Ustadzah Fatimah mendorong tubuhku naik ke atas tubuhnya dan membawa penisku tepat di depan vaginanya. Penisku digesek-gesekkan ke vaginanya, membuatku semakin tidak tahan.
“Masukkan, Rio,” desahnya. “Aku ingin merasakan penismu di dalam.”
Aku ragu-ragu, tetapi Ustadzah Fatimah memegang punggungku dan mendorongku masuk. Penisku langsung masuk sampai habis, terasa ketat dan hangat. Secara spontan, aku mulai bergerak maju mundur dengan irama yang konstan.
Ustadzah Fatimah mendesah dan mengerang, menikmati setiap sentuhan penisku di dalam vaginanya. Dia mengajarkan berbagai posisi kepadaku: berbaring, duduk, doggy style, tengkurap, miring, di atas, dan di bawah. Setiap posisi memberikan sensasi yang berbeda dan semakin membuatku terangsang.
“Coba posisi ini, Rio,” katanya sambil merapatkan kakinya lurus.

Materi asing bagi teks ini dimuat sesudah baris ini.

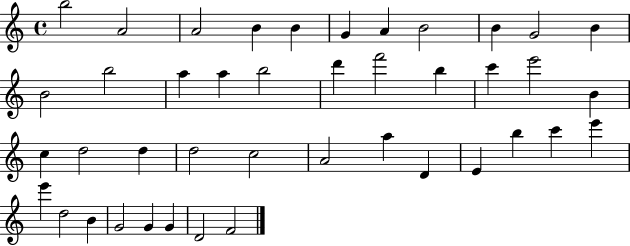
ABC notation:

X:1
T:Untitled
M:4/4
L:1/4
K:C
b2 A2 A2 B B G A B2 B G2 B B2 b2 a a b2 d' f'2 b c' e'2 B c d2 d d2 c2 A2 a D E b c' e' e' d2 B G2 G G D2 F2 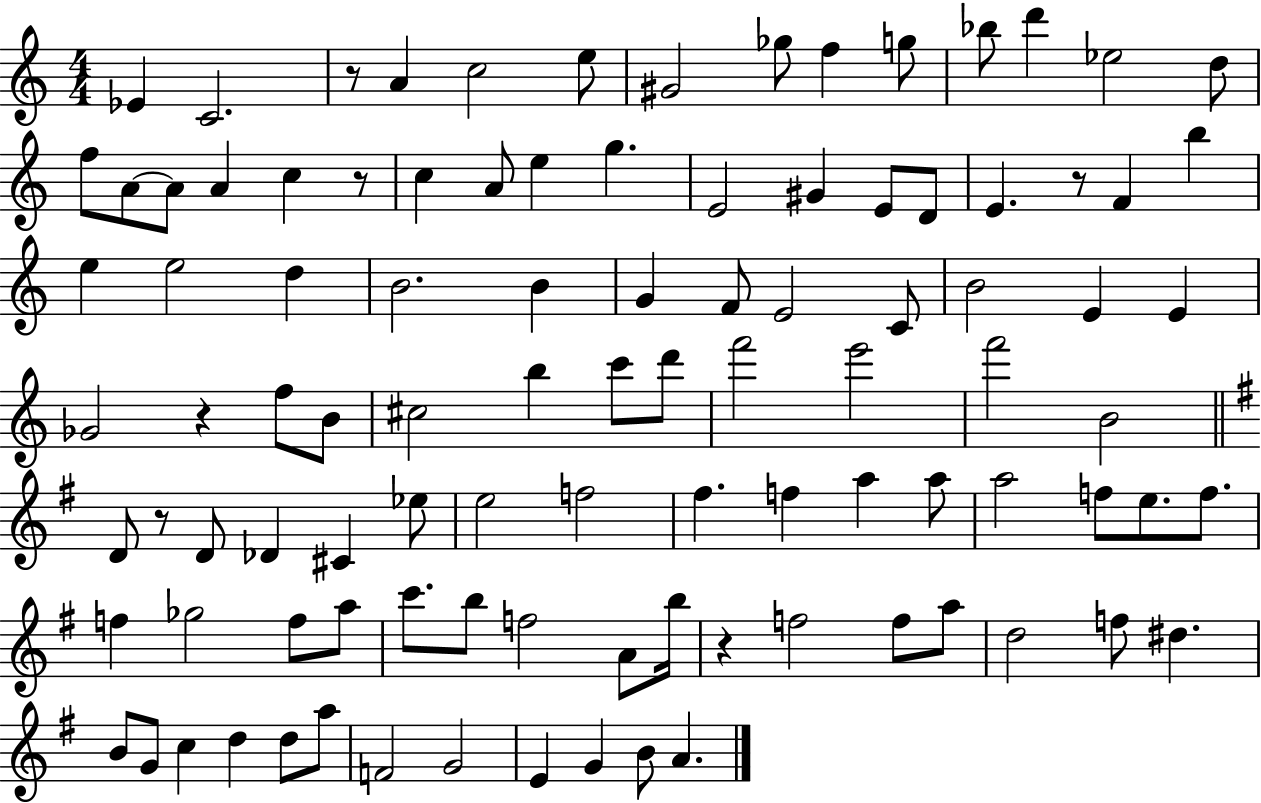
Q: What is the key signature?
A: C major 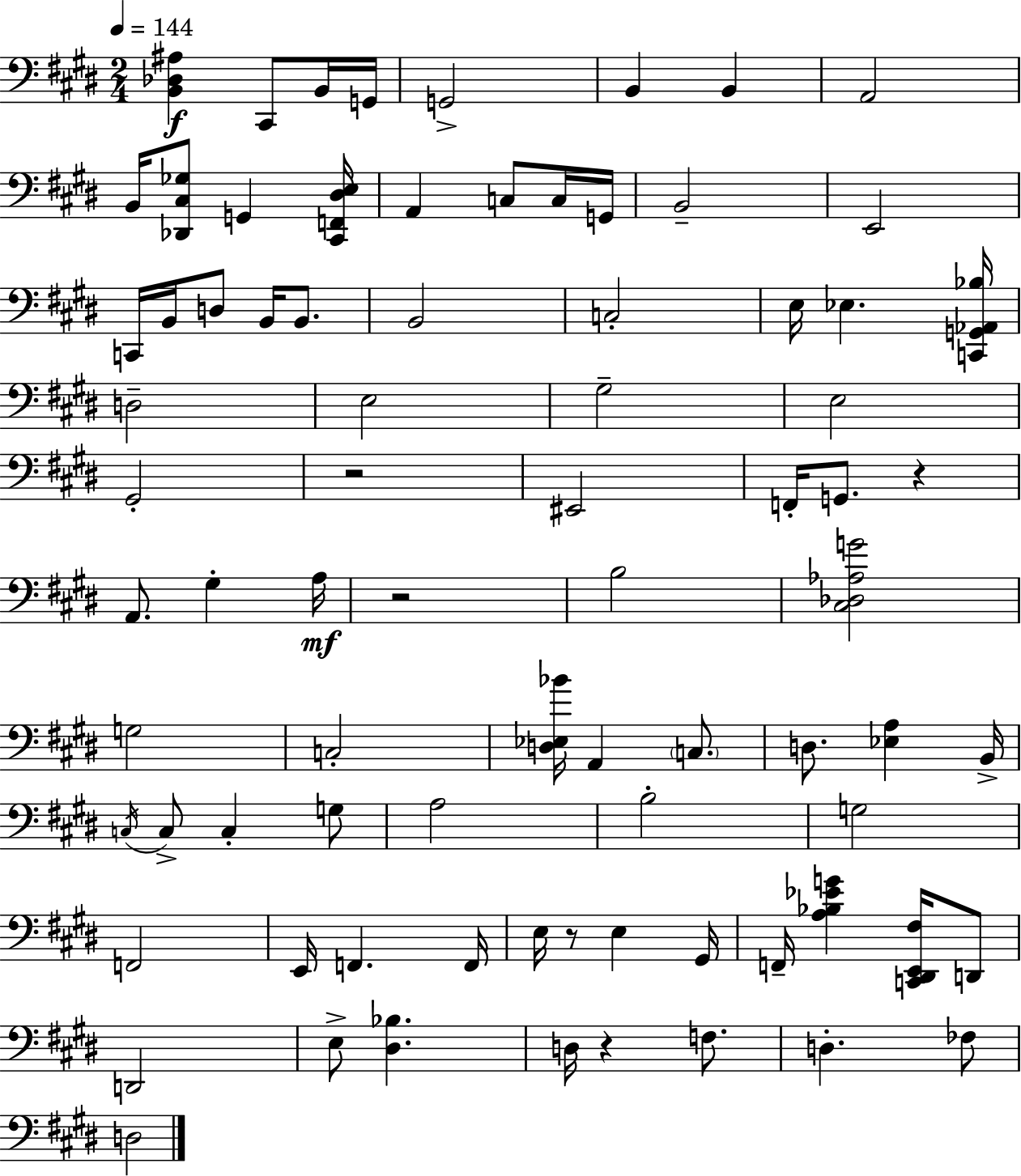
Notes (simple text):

[B2,Db3,A#3]/q C#2/e B2/s G2/s G2/h B2/q B2/q A2/h B2/s [Db2,C#3,Gb3]/e G2/q [C#2,F2,D#3,E3]/s A2/q C3/e C3/s G2/s B2/h E2/h C2/s B2/s D3/e B2/s B2/e. B2/h C3/h E3/s Eb3/q. [C2,G2,Ab2,Bb3]/s D3/h E3/h G#3/h E3/h G#2/h R/h EIS2/h F2/s G2/e. R/q A2/e. G#3/q A3/s R/h B3/h [C#3,Db3,Ab3,G4]/h G3/h C3/h [D3,Eb3,Bb4]/s A2/q C3/e. D3/e. [Eb3,A3]/q B2/s C3/s C3/e C3/q G3/e A3/h B3/h G3/h F2/h E2/s F2/q. F2/s E3/s R/e E3/q G#2/s F2/s [A3,Bb3,Eb4,G4]/q [C2,D#2,E2,F#3]/s D2/e D2/h E3/e [D#3,Bb3]/q. D3/s R/q F3/e. D3/q. FES3/e D3/h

Aku mengikuti instruksinya dan memasukkan penisku ke dalam vaginanya yang sudah sangat basah. Lubang vaginanya terasa sangat ketat dan penisku terasa tersepit. Aku bergerak maju mundur dengan irama yang konstan, menikmati setiap sensasi yang kulihat.
Ustadzah Fatimah mengerang dan mendesah, menikmati setiap sentuhan penisku. “Lagi… tekan lebih dalam… aah… aah sedikit lagi… hah… hah… hah aku hampir sampai…”
Aku terus bergerak, menikmati setiap erangan dan desahan Ustadzah Fatimah. Aku belum pernah melihatnya seperti ini sebelumnya, dan hal itu membuatku semakin terangsang.
“Sudah, Rio?” tanyanya setelah beberapa saat. “Kamu sudah ejakulasi?”
Aku menggeleng, masih belum siap untuk berhenti. Ustadzah Fatimah tersenyum dan berbaring miring, memegang penisku dan menempatkannya di depan lubang duburnya.
“Aku belum pernah membiarkan seseorang bermain dengan duburku, Rio,” katanya lembut. “Bahkan suamiku sendiri tidak pernah melakukannya. Tapi aku ingin kamu mencoba.”